One of the issues we have been troubled by is a lack of consistency among the recognition vocabulary, the parsing grammar, the back-end geography tables, and the generation vocabulary. The inconsistencies have been a source of understanding errors. We have developed scripts to help identify and rectify these inconsistencies. As part of this process, we have used Hiragana as an intermediate representation, so that we can more easily detect mis-spellings, and have consistent word representations. For this reason, we also plan to develop a Hiragana transcription tool, which we believe our transcribers will be able to use more easily, and whose output can be converted to a consistent format for the Mokusei system.
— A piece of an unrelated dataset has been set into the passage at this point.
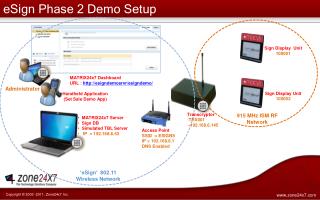 eSign Phase 2 Demo Setup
Research Plan for the Next Six Months

In the next six months, we plan to continue improving all system capabilities, and to slowly ramp up our data collection efforts. Motivated by initial user feedback, we intend to spend a substantial effort to improve the quality of the Mokusei speech output. Our plan is to develop and incorporate a Japanese version of our ENVOICE corpus-based concatenative speech synthesizer. When combined with a domain-dependent corpus, this synthesizer is capable of concatenating variable-length units (e.g., phrases, words, sub-word units) to produce very natural sounding speech. We hope to investigate an appropriate set of sub-word units for Japanese, and then design, and record a corpus appropriate for the Mokusei domain. It is also possible that we can make use of an existing NTT weather corpus for this purpose.